The H100 and the Second Law of Thermodynamics

2026-05-10

The second law of thermodynamics, roughly speaking, states that the Gibbs free energy $G = H - T S$ of an isolated system cannot increase, where $H$ is the enthalpy and $S$ is the entropy. This implies a few useful ideas: For example, lowering the entropy of the system increases the $-T S$ term, and thus requires inputting some energy.

Classically, we define $S$ as the $k$ times the information-theoretic entropy of the distribution over microstates (or, in the case where the energy of all the microstates are the same, the log of the number of microstates), where $k$ is Boltzmann's constant. However, if we try to think of this entropy just as literal bits of information, then weird things start to happen. For instance, one can think of performing computation as decreasing uncertainty.

Consider a logic gate $C = f(A, B)$ , where $f$ is an arbitrary binary function. Before applying $f$ , the value of $C$ can be either $0$ or $1$ , but after applying it $C$ collapses to one value. Naively, we can therefore model the cost of each transistor operation as erasing $k \ln 2$ of entropy, which should require at least $k T \ln 2$ energy.

A natural question to ask now is: Suppose the true physical limit for a single transistor operation $k T \ln 2$ . Currently, how much energy do these cost? Conversely, is there an energy lower bound on running, say, GPT 5? How far are we from this limit?

One naive thing to do is to estimate the theoretical cost of running a single H100 GPU. Consider the H100 GPU, which contains around $8 \cdot 10^{10}$ transistors, and (for the PCIe version) runs at around $2 \cdot 10^9 \mathrm{Hz}$ . It uses $700 \mathrm{W}$ of power (and thus $700 \mathrm{J}$ per second), and can operate at $100 \degree \mathrm{C} \approx 370 \mathrm{K}$ . Thus, the energy required for its operations should be

$16 \cdot 10^{19} k T \ln 2 \approx \left(16 \cdot 10^{19}\right)\left(1.4 \cdot 10^{-23} \mathrm{J/K}\right)(370 \mathrm{K})(0.7) \approx 0.6 \mathrm{J}.$

So we're only about 3 orders of magnitude off. Not bad!

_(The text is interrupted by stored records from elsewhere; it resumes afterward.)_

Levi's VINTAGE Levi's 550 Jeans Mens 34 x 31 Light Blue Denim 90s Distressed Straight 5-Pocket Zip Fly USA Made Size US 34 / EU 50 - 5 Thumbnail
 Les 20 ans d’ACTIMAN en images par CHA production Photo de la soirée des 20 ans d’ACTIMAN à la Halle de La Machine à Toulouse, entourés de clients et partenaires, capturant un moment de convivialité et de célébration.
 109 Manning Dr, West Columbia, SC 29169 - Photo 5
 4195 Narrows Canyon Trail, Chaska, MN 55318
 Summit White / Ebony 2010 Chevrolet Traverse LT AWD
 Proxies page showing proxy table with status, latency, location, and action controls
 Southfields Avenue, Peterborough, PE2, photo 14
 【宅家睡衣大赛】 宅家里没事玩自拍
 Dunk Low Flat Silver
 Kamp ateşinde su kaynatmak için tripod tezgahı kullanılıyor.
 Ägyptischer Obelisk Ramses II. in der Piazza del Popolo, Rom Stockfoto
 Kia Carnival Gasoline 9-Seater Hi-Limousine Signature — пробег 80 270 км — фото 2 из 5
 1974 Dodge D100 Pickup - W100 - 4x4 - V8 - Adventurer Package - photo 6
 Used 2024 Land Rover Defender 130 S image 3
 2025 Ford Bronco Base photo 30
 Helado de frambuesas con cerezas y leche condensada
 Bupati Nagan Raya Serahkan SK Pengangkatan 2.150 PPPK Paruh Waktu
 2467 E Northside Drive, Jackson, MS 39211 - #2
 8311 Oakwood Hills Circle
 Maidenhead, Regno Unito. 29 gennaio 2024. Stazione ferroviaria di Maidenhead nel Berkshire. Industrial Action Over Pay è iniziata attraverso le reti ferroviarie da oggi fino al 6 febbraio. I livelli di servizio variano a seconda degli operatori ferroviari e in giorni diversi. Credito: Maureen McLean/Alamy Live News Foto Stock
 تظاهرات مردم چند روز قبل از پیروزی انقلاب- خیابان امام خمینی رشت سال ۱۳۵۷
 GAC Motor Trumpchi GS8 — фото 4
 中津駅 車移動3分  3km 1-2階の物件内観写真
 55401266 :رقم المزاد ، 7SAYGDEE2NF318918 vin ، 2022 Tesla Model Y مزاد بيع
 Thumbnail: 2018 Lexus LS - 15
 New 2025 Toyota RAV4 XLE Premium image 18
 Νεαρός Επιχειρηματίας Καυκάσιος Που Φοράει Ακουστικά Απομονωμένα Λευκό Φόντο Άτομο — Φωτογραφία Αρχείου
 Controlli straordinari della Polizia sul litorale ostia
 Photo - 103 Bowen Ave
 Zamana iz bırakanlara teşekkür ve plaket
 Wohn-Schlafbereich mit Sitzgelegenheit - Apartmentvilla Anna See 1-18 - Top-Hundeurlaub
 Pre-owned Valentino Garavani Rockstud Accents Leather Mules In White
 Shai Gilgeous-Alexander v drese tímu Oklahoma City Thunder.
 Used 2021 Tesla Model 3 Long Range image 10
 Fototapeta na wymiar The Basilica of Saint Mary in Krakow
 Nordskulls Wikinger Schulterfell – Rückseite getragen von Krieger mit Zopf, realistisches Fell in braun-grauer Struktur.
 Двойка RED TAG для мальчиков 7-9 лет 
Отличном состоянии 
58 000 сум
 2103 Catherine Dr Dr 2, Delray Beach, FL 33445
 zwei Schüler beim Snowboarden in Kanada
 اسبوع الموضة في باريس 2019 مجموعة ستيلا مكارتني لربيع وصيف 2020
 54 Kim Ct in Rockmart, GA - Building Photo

Now, this analysis has two issues:

First, in practice, not all transistors fire every clock cycle, so in fact the H100 is less efficient than 3 orders of magnitude.
More generally, returning to the "what is the minimum energy required to inference GPT 5.4 (for some fixed choice of batch size, context length, etc.)?" problem, simply thinking about things in terms of transistors ignores, for example, potential algorithmic improvements.

To illustrate the relationship between these issues we can consider the energy required to perform a FLOP. For a given operation x := y * z (of say, 16-bit floats), in principle we are only lower bounded by the bits to write to the register for x. Thus, information theory says we need $16 k T \ln 2$ in energy. In practice, though, the H100 does around $2 \cdot 10^{15}$ FLOPs per second, which gives a lower bound of $32 \cdot 10^{15} k T \ln 2$ . This is a wildly different lower bound from before¹, and it suggests that we are, in fact, much further from the theoretical optimum.

If we accept the FLOP-based bound as closer to the "true" information processing rate, we are actually around 7 orders of magnitude off, not 3. Thus, the optimality gap depends on what actual computation is being performed. Crucially, we know that a FLOP takes much more than 16 transistor operations; in particular, the computational lower bound is much stronger than the information theoretic lower bound (for instance, the information theoretic lower bound allows for weird non-circuit computations that may take less energy).

We can factorize our gap to theoretical optimum as follows: There is some fundamental transistor flipping cost in the chip, and there is some algorithmic overhead. In the limit, a single decode step from a transformer model only produces a single token (around 17 bits of information), and so there is, at least theoretically speaking, a very large overhead.

In particular, the transistor overhead and algorithmic overheads are multiplicative, which implies that progress in either can improve energy usage. Crucially, transistor overhead is mostly a function of the underlying hardware (and thus the chip foundry's methods), while algorithmic overhead is a function of the designer. Consequently, it is possible to make progress on both fronts: Both on the level of pure silicon and better physics, and via more optimal chip layouts.

The astute reader will observe that this calculation seems to imply that a 16-bit FLOP requires, on average, 5000 transistor switches, which seems high. Indeed, in practice only a fraction of the transistors are active at any given time (e.g. due to memory, or just not being a part of the relevant arithmetic circuit).